After the Department of Health last week became the latest high-profile public body to distance itself from the lobby group, the Treasury, Department for Education (DfE) and Department for Work and Pensions (DWP), are also reviewing their links.
Insiders at the Department for International Trade said that it had declined to renew its subscription to the charity.
Therese Coffey, the Work and Pensions Secretary, is considering alternatives to Stonewall, while Nadhim Zahawi, the Education Secretary, is alive to the concerns being raised about the charity.
The Department for Culture, Media and Sport is preparing to renew its annual membership of Stonewall’s diversity champions scheme but will no longer accept its legal advice.

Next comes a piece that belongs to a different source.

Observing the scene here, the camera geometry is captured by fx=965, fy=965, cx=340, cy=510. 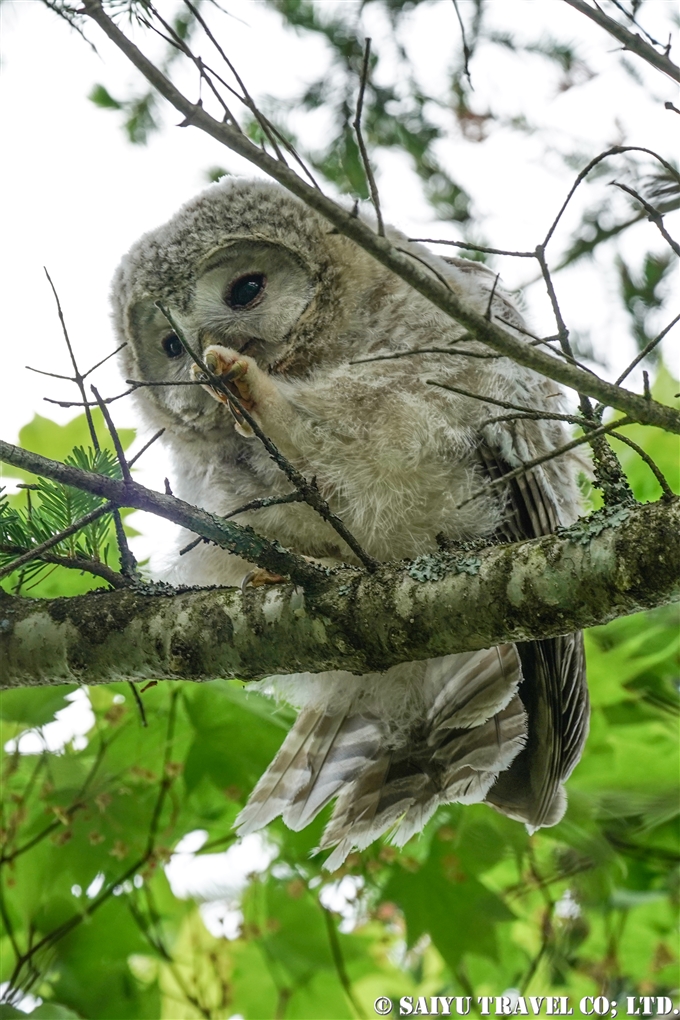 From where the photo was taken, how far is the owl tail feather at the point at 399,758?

A master document, apparently drawn up by Government Human Resources this year, suggests that the departments could also refuse to submit to Stonewall’s next Workplace Equality Index, which lists employers which the group considers to be the best. In June, this newspaper revealed that the Ministry of Justice would withdraw from the diversity scheme over Stonewall’s alleged “dubious” training and approach to free speech.
Stonewall argues that its initiatives help to ensure organisations and their workplaces are inclusive for lesbian, gay, bi, trans and queer staff and free from discrimination.

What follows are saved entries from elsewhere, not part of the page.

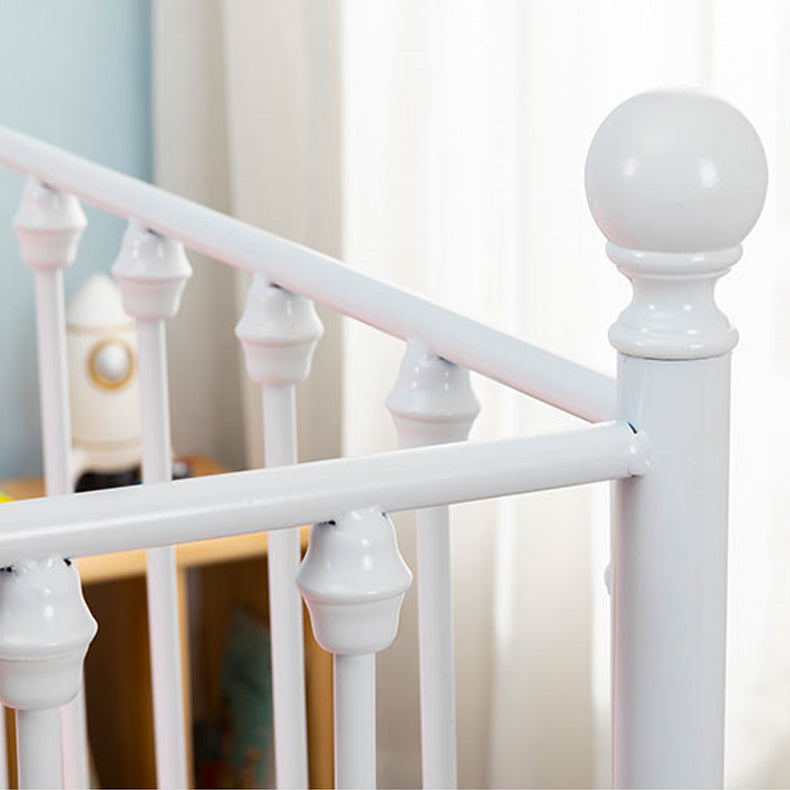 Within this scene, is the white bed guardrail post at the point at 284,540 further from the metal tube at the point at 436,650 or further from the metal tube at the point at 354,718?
the metal tube at the point at 354,718

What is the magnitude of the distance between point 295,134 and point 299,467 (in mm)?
1237

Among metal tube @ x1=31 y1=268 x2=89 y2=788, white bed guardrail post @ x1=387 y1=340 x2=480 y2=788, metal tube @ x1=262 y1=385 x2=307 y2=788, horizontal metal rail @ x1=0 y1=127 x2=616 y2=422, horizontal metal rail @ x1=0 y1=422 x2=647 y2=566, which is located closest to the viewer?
horizontal metal rail @ x1=0 y1=422 x2=647 y2=566

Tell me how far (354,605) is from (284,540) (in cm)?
33

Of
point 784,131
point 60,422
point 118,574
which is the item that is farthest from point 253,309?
point 118,574

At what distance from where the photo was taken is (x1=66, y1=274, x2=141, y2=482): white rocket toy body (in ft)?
5.82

But it has faced criticism over advice to organisations to replace the term mother with “parent who has given birth”, and to allow those who self-identify as a woman to use female toilets and changing rooms. Separately, critics argue that publicly funded bodies are effectively paying a lobby group to lobby them.

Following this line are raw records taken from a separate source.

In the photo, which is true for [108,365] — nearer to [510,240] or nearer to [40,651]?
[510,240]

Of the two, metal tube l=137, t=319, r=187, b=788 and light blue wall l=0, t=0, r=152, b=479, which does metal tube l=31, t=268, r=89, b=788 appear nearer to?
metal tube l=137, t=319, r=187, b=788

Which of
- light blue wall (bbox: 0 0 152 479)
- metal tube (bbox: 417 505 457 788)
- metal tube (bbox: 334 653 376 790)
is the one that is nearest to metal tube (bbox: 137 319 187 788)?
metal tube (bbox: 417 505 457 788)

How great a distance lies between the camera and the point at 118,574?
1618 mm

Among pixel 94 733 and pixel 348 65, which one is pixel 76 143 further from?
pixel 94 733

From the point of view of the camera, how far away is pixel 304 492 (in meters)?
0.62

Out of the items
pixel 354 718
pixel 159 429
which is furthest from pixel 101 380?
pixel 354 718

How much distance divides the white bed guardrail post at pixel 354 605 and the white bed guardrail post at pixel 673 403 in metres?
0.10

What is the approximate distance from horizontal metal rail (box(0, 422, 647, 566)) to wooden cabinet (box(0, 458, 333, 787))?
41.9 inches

“The problem is that they are giving advice about what they wish the law was rather than what it is,” a senior source said. “Government should be able to do its own legal work rather than farming it out.”
In recent days it has emerged that the DfE has paid the charity more than £20,000 over five years, including on programmes which advise employees how to be positive allies for transgender colleagues, and in membership fees for its diversity training programme.
The Ministry of Defence spent £80,312, mainly on membership fees for the services.
According to the document, five departments which are members of Stonewall’s scheme are marked as “undecided” on whether to participate in the next annual league table.
Just four – the Home Office Ministry of Defence, and the Departments for Environment and Business – are definite participants in the next scheme. It comes several months after Liz Truss, the equalities minister, suggested that government bodies should withdraw from the scheme over concerns about its value for money.
The Equality and Human Rights Commission, the equalities watchdog, is also ending its membership over the same concerns.
A Stonewall spokesman said: “As with all membership programmes, organisations come and go depending on what’s best for their inclusion journey at the time. Supporting LGBTQ+ people in the workplace should not be seen as a political or controversial act.”